Tiziana Cantone l’abbiamo uccisa tutti
Sapete cosa è successo subito dopo la sua morte? Ci siamo divisi fra pentiti e arcigni ripetitori di condanna che, nel frattempo, è pure raddoppiata. Da un lato siamo diventati tutti dei comunisti del sesso, rivendicando una libertà che in fondo non riconosciamo come lecito diritto, ma è più una facciata dalla veduta comoda. Agli esami di coscienza, e credo non sia un azzardo, veniamo bocciati parecchio spesso, però in qualche modo dobbiamo pur arrivarci al settembre dell’ipocrisia.

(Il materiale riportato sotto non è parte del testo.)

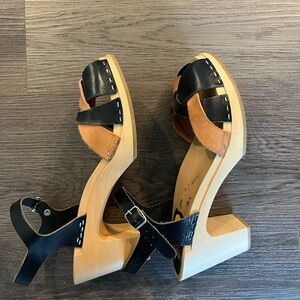 Barely worn Swedish Hasbeens in size 40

Dall’altro fioccano addirittura plausi per la scelta di negarsi la vita. Arriva da facebook un commento che, reso pubblico, è stato prontamente rimosso dall’autore, la cui esistenza è però provata, al pari dello stesso motivo che aveva impedito la totale eliminazione del famoso video di Tiziana. Basta smanettare un po’ per rendere facile la lettura di queste parole:
“Ti è piaciuto zoccolare e farti guardare? Adesso non ti resta che da un foulard penzolare… stai facendo il video? Brava! Spero che da domani tutte quelle come lei facciano la stessa fine. Tutte da un foulard a penzolare”. Potrei fare il nome del rispettabile signore, ma so perfettamente che diffamazione e notizia non sono sinonimi, perciò mi sposto al lato di chi, dopo il suicidio, ha salvato Tiziana da ogni peccato, rimettendole colpe e responsabilità prima riconosciute. Non serve, e non solo perché una ragazza di trentun anni non avrà futuro, ma perché i cambiamenti repentini fanno più danni delle persistenti prese di posizione. Se non fosse morta, sarebbe rimasta una poco di buono da condannare, e se questo significasse riconoscermi parzialità me ne farei una ragione. Non diamoci assoluzioni perché l’assassino di Tiziana non è soltanto il cyberbullismo, ma lo è anche quell’opinione comune che dipinge la donna come una santa asessuata, quando le va bene, e quando invece le va peggio, colpevole di uno stupro perché non indossa il reggiseno. Lo sappiamo tutti che se la vicenda si fosse svolta a parti inverse, staremmo a consegnare trofei. Certo, Tiziana ha fatto degli errori, è stata superficiale, ma non si capisce perché questo è abbastanza per non citare, più di lei, il responsabile della diffusione del video. O forse è tutto fin troppo chiaro: la verità è che le emancipazioni del mondo sono beffa difronte a chi legittima alla donna un sesso che sia finalizzato alla sola procreazione- e il fertility day ce lo insegna- mentre concede all’uomo la libertà di concedersi il fulgido vanto di una fellatio fatta bene, senza rischiare danni o lesioni di dignità.